More generally, if dynamic banner content in the same layout can potentially affect classification, what is Microsoft’s recommended approach?

- Should the banner area be masked/excluded before analysis?

- Should the model be trained with multiple representative banner variations?

Our goal is to confirm whether the current behavior is expected product behavior, whether the banner alone could explain the issue, or whether the misclassification is more likely caused by the combination of banner changes and other layout/template differences.

SRILAKSHMI C 19,110 Reputation points Microsoft External Staff Moderator

2026-05-27T15:22:29.4633333+00:00
Hello @IT Cognity

Thank you for reaching out to Microsoft Q&A.

Based on the behavior you described, the current classification result is more likely related to the overall combination of layout/template differences rather than the dynamic banner content alone.

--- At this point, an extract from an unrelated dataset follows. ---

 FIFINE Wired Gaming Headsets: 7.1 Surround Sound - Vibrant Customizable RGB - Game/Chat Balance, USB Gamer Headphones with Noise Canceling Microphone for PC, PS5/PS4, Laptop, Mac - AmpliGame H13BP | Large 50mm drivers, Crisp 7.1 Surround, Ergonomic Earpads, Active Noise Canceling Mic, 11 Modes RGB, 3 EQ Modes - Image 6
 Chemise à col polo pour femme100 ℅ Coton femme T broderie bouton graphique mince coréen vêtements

In Azure AI Document Intelligence, classification models primarily learn from both structural layout features and visual/textual cues across the entire document page, including:

• Relative positioning of sections and fields

• Text distribution and alignment

• Visual structure and spacing

• Repeating layout patterns

• Headers, branding areas, tables, and section organization

From the details shared, small graphic swaps such as dynamic marketing banners can influence classification, but it is usually the combination of:

• Banner/image changes

• Branding/theme/color differences

• Section styling modifications

• Spacing and alignment changes

• Field positioning differences

• General template presentation changes

that pushes the document toward a different classification boundary.

In your case, it is likely that both the banner variation and the broader template/layout differences are contributing, with the broader layout changes probably having a larger impact than the banner alone.

Regarding the banner specifically:

If the banner always appears in approximately the same location, with similar dimensions/layout, and only the banner image/content changes dynamically, this alone would typically not be expected to completely break classification in a well-generalized model.

However, classification models do not automatically ignore those regions by default. The model still evaluates visual and textual signals across the full page. Because of this, entirely unseen banner graphics or highly dynamic promotional content can still affect classification confidence, especially when combined with additional template/layout variations.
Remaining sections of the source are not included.